3.6. Determination of MIC and MBC

To determine the minimum inhibitory concentration (MIC) of the synthesized compounds against the tested bacterial strains [63,64], a dilution method was employed. The objective was to establish the lowest concentration of the compound at which approximately 90% of bacterial growth was inhibited. To this end, a bacterial suspension of 300 μL at a concentration of 0.5 McFarland standard was seeded into individual tubes of 9 mL nutrient broth, with each tube receiving 1 mL of different concentrations of the synthesized compound at twofold serial dilutions and 7% DMSO, which served as the negative control. The tubes were then kept at 37 °C for a whole night. The MIC and MBC values were determined by using the naked eye to compare the turbidity of the tube to that of a reference medium with a 0.5 McFarland value.

3.7. Antifungal Activity

The food poisoning method [65] with potato dextrose agar (PDA) as the culture medium was used to test the antifungal action. Twenty milliliters of 45 °C sterilized, melted potato dextrose agar medium (PDA) was placed into sterile 70-mm glass Petri plates. The “poisoned food” method [64] was used to determine how the synthesized MDGP (1) derivatives affected the growth of the fungal mycelium.
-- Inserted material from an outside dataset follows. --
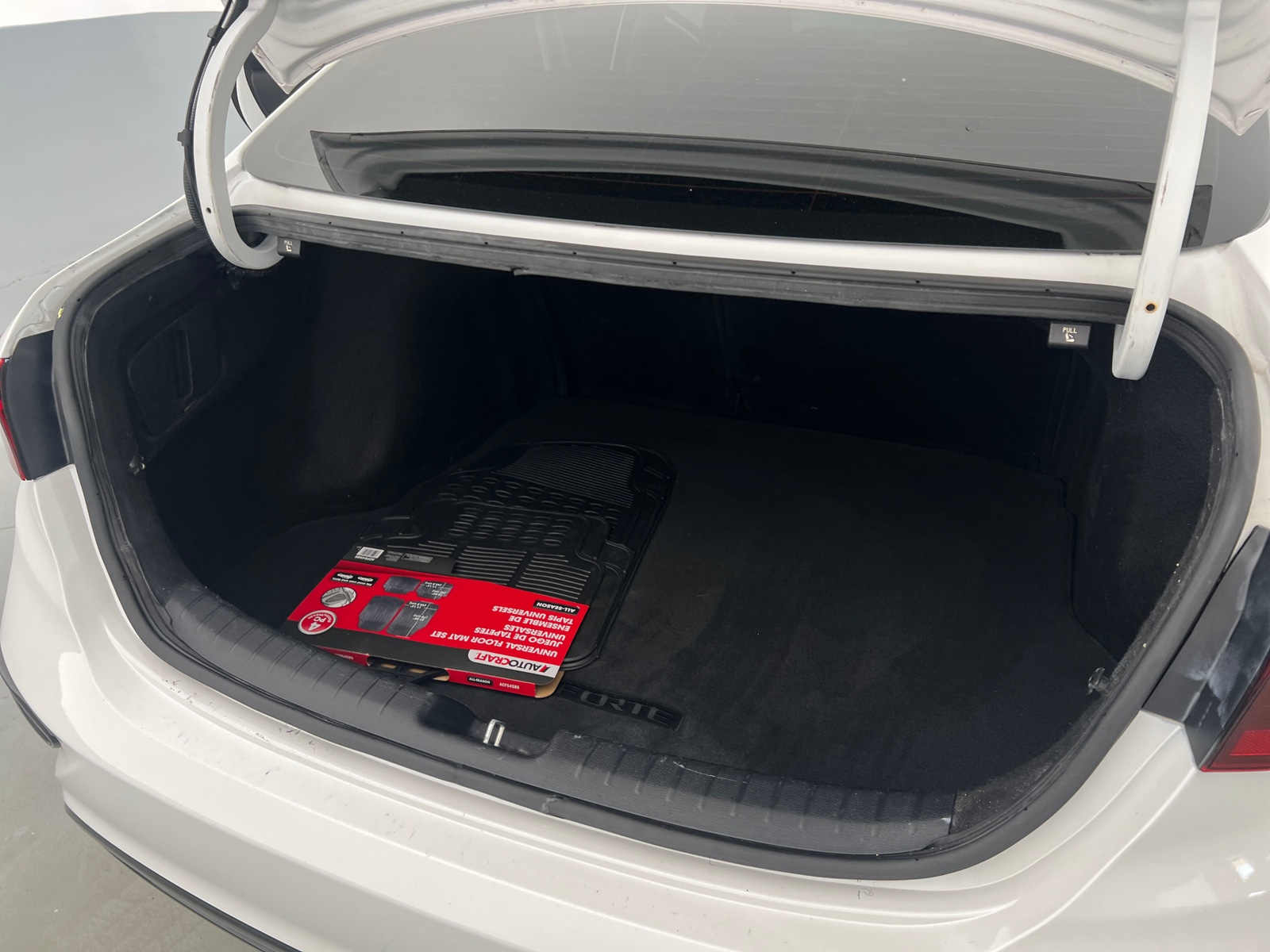 Thumbnail: 2021 Kia Forte - 7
3.8. Cytotoxic Activity Evaluation

The brine shrimp lethality assay (BSLA) was utilized to evaluate the toxicity of the MDGP analogs [66]. Each vial contained 5 mL of NaCl solution and 20 μL of MDGP analogs dissolved in DMSO. Vials A, B, C, and D had volumes of 4, 8, 16, and 32 μL, respectively. Each vial was inoculated with 10 brine shrimp nauplii at three different concentrations. A control test was conducted using ten nauplii in 5 mL of saltwater. The vials were incubated at ambient temperature for 24–48 h. Following incubation, the vials were examined under magnification and enumerated to ascertain the number of viable specimens. Concentrations exhibit a mean nauplii mortality rate. There were no fatalities in the control group.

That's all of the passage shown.